The sentiments expressed in that statement mirror the entire organization: Still hanging on to 2017.
And it’s seen everywhere. That success was there (In 2017). The level of comfortability was there (In 2017). People telling them how great they were, was there (that includes the Quarterback). And since that period of time (2017), they’ve struggled. Things haven’t been comfortable.
And looking at Jeffrey Lurie, it’s that level of comfortability that has led to him letting this go on. Roseman is a Joe Banner protégé. When Lurie purchased the Eagles in 1994, Joe Banner was his first GM hire and the second was Roseman who he’s been with ever since. That level of comfort Lurie feels with Roseman has, in my opinion, clouded his judgement and blocked an objective view of the reality of this football team.

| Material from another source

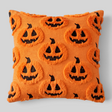 Halloween Ghost & Pumpkin Pillow Cover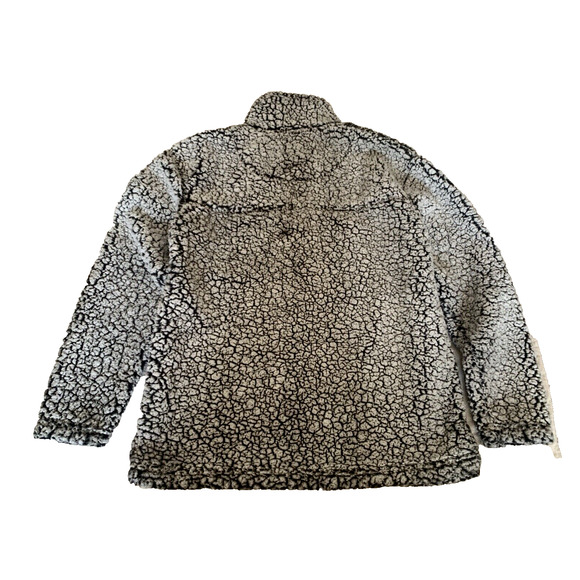 Park City Boxercraft Sherpa Pullover Womens Small 1/4 Zip Soft Fuzzy Sweatshirt - Picture 3 of 13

Pederson and Roseman can go back and forth on who’s to blame, as it has been reported that they are, but there’s no one person to blame. The entire operation has failed.
Ultimately, the Eagles as an organizational whole have no one to blame for the dysfunctional and lackluster heap that this organization has become, but themselves. There is no coherent vision to put this team back where it was 3 years ago. Sure, firing the head coach and bringing in a shiny new offensive genius may fix things in the now, but if the same decision maker is leading the front office, what really changes?
Lurie is dealing with the consequences of his own loyalty and the only fix, as it appears currently, is to rip off the bandaid and completely change the guard of this organization.